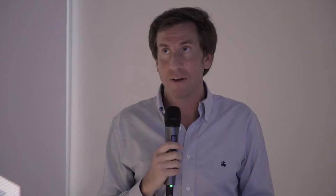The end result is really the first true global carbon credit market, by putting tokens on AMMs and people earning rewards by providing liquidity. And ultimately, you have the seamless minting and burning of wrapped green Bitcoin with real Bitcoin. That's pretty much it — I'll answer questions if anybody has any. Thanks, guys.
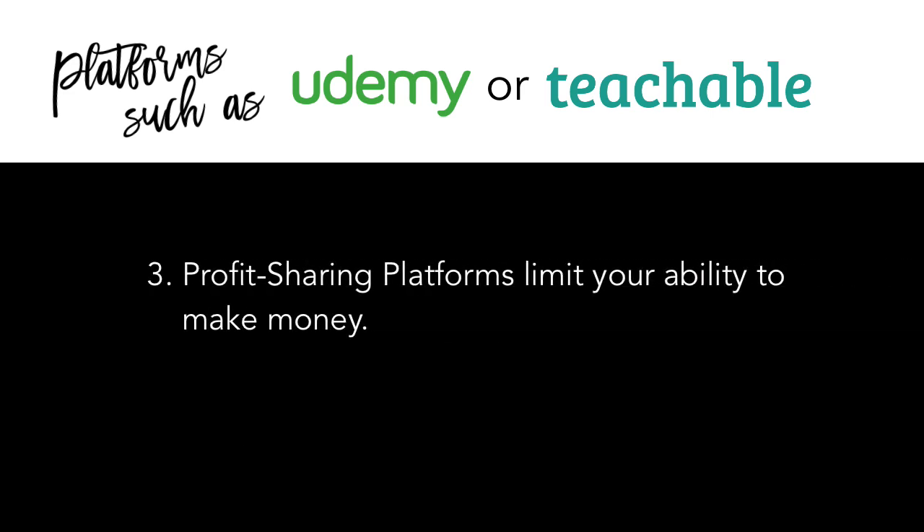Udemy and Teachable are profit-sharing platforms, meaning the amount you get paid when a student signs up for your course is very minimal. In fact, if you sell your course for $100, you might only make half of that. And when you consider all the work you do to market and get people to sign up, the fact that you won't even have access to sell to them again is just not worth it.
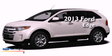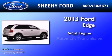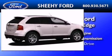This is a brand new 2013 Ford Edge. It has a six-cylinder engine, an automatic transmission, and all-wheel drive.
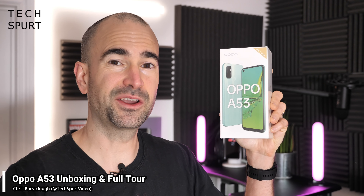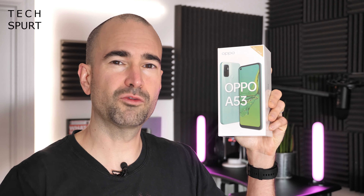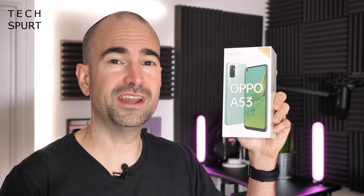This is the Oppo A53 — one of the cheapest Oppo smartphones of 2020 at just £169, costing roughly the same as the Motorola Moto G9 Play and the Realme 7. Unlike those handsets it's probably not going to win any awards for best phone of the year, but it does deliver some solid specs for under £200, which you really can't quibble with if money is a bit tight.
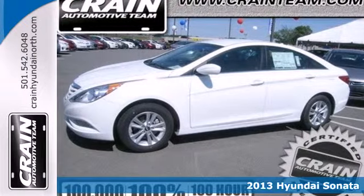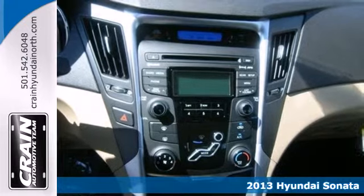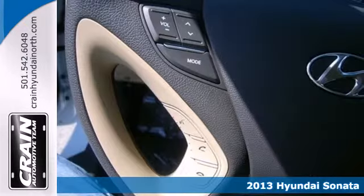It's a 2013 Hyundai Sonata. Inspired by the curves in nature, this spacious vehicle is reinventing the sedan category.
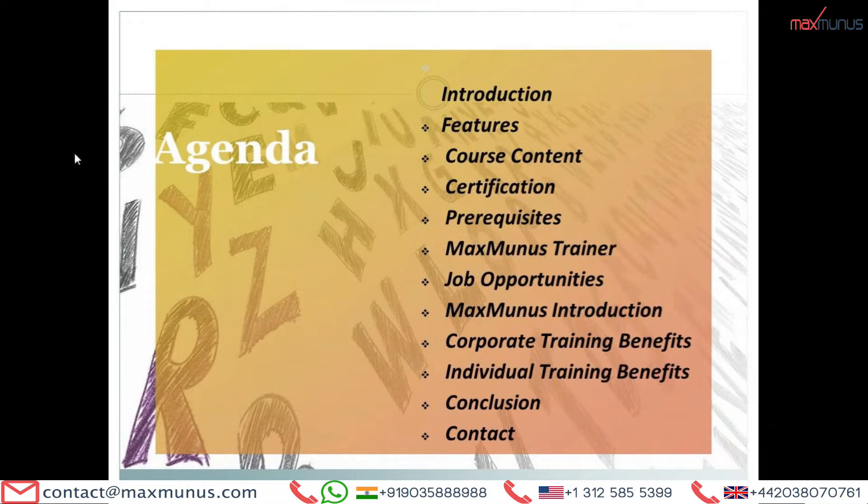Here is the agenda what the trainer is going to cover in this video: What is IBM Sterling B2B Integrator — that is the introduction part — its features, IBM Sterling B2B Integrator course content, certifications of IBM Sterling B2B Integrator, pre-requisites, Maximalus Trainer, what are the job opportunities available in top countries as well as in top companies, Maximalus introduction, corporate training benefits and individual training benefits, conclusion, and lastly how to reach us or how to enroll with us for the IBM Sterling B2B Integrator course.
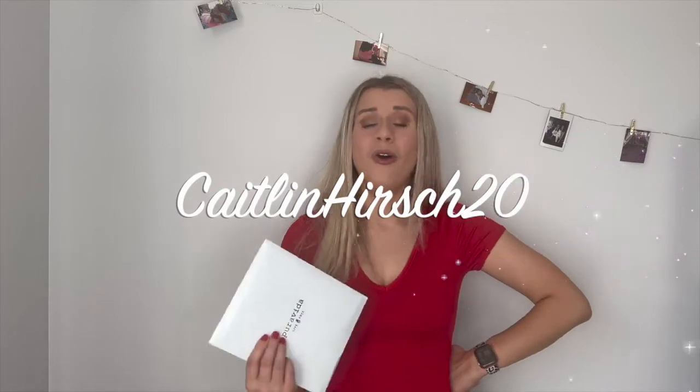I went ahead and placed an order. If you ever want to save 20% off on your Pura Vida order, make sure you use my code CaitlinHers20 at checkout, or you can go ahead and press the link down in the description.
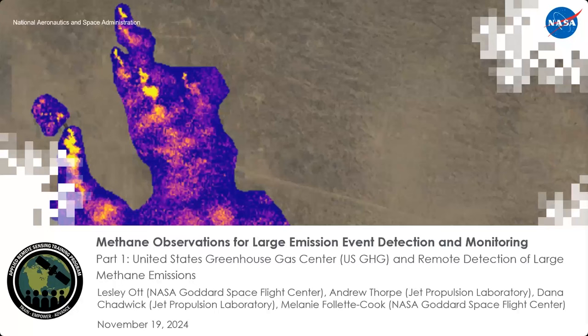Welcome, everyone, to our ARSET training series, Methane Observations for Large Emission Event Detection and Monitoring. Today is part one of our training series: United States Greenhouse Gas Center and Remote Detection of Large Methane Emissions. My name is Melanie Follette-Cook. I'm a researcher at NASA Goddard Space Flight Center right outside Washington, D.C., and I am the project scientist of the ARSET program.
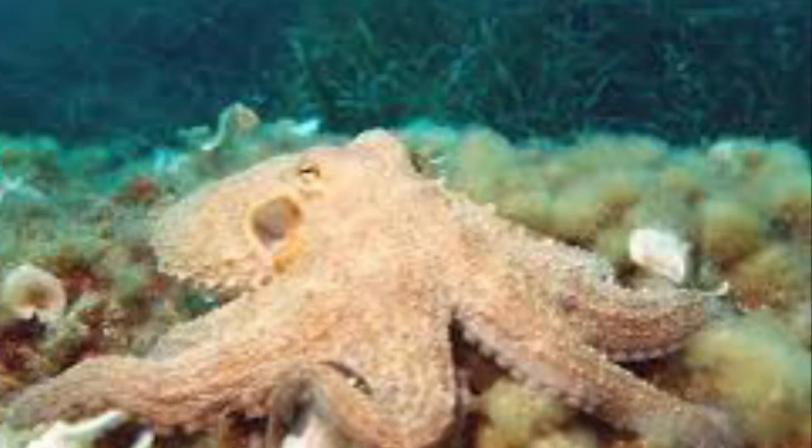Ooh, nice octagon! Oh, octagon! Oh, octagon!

* * *

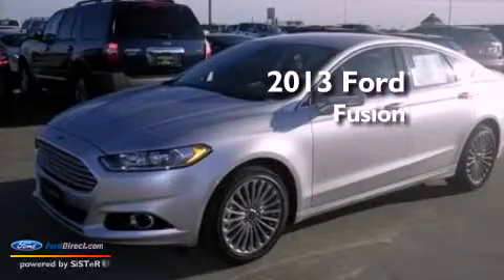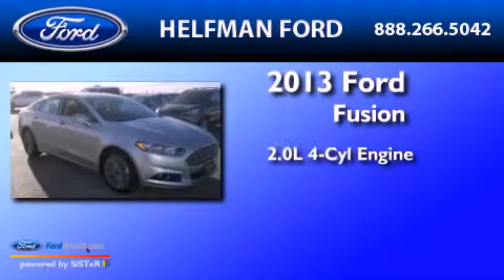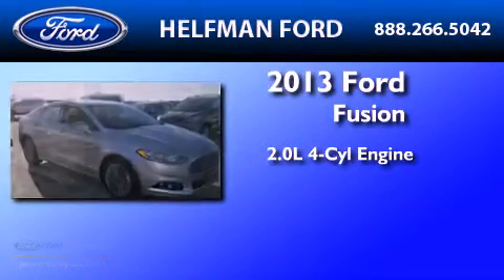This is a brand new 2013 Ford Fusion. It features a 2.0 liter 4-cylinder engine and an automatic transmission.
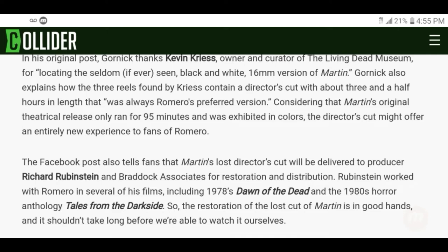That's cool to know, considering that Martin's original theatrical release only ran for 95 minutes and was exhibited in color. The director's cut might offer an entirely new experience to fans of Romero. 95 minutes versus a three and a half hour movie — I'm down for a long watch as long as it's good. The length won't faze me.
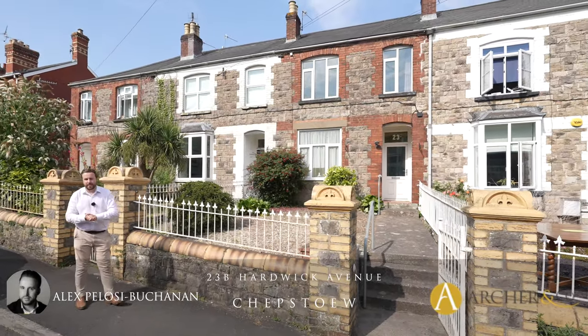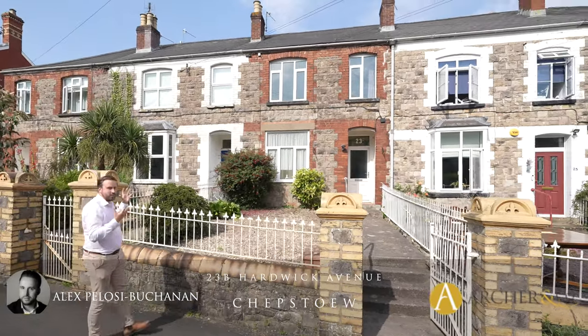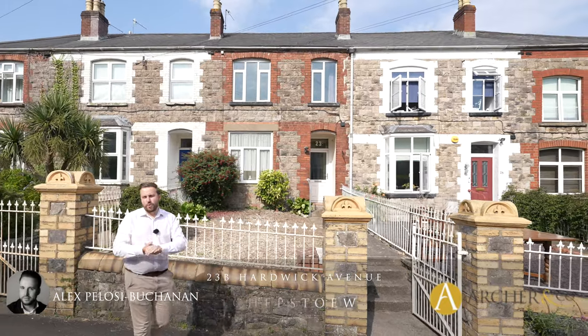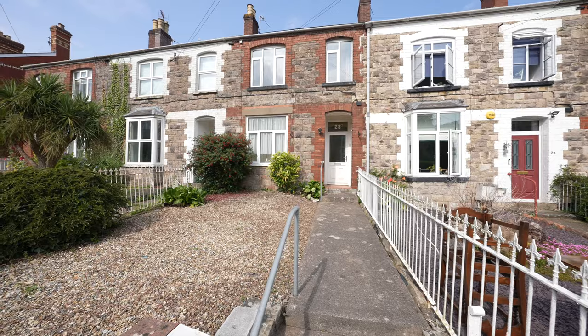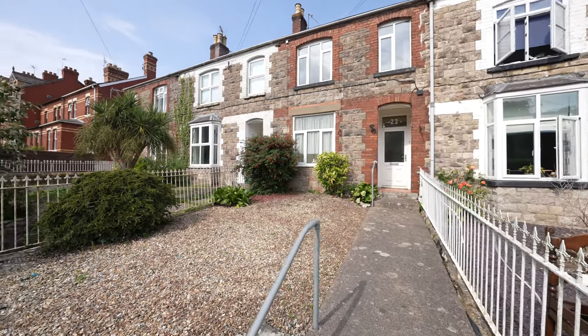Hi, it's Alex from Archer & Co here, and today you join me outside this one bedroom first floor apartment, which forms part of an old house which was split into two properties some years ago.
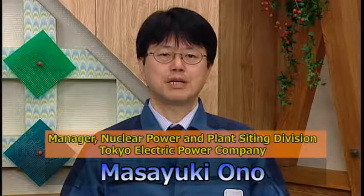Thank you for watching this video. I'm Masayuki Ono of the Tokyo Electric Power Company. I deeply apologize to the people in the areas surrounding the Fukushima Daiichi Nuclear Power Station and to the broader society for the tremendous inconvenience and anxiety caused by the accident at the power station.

### Task to carry out
In the records above, find the line with "Welcome, everyone, to" and the line with "Ooh, nice octagon! Oh, octagon! Oh, octagon!", then restate word for word only those two lines and all lines between, omitting pictures.

### Solution
Welcome, everyone, to our ARSET training series, Methane Observations for Large Emission Event Detection and Monitoring. Today is part one of our training series: United States Greenhouse Gas Center and Remote Detection of Large Methane Emissions. My name is Melanie Follette-Cook. I'm a researcher at NASA Goddard Space Flight Center right outside Washington, D.C., and I am the project scientist of the ARSET program.
Ooh, nice octagon! Oh, octagon! Oh, octagon!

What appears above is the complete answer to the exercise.